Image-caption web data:
——

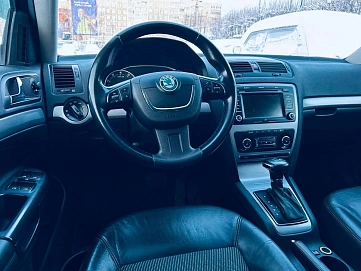 Skoda Octavia, 2012г, передний привод, автомат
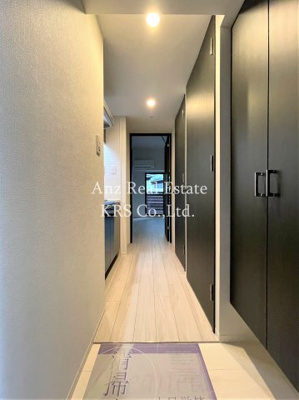 【玄関】 | S-RESIDENCE西長堀 | フラットフロアの玄関です♪トールタイプの下足箱！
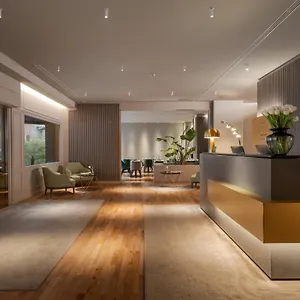 Palazzo Porta Romana 4*, Milão Itália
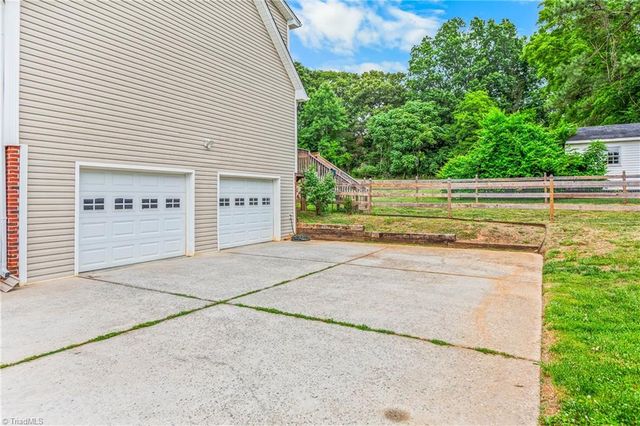 4430 Tipperary Place, Winston-salem, NC 27104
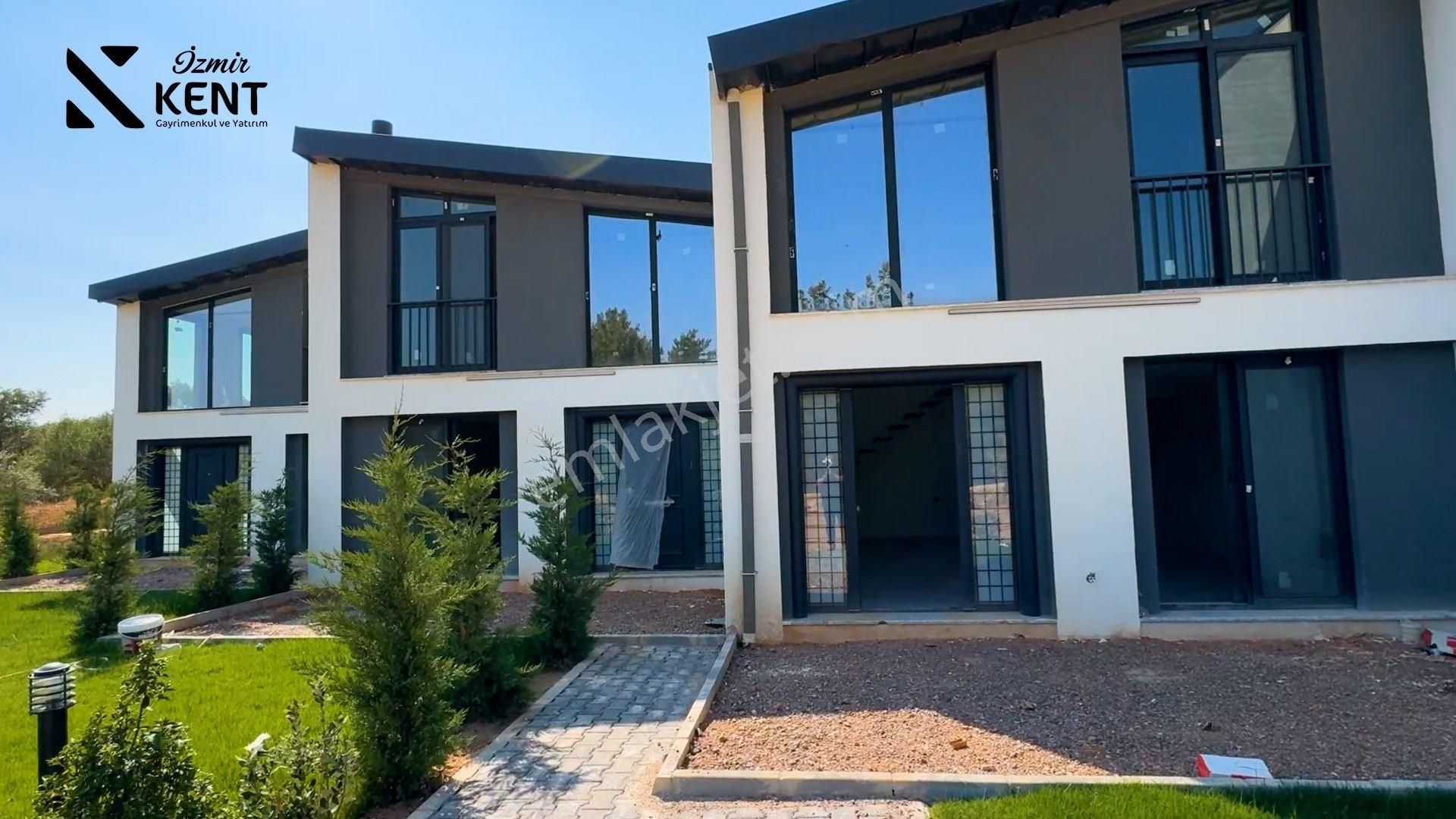 Kemalpaşa Kuyucak Satılık 140 M² Villa 2+1 Dubleks Site İçerisi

——

Exactly as they stand, the entries must be written out again, pictures excluded.

# ANSWER TO THIS EXERCISE
 Skoda Octavia, 2012г, передний привод, автомат
 【玄関】 | S-RESIDENCE西長堀 | フラットフロアの玄関です♪トールタイプの下足箱！
 Palazzo Porta Romana 4*, Milão Itália
 4430 Tipperary Place, Winston-salem, NC 27104
 Kemalpaşa Kuyucak Satılık 140 M² Villa 2+1 Dubleks Site İçerisi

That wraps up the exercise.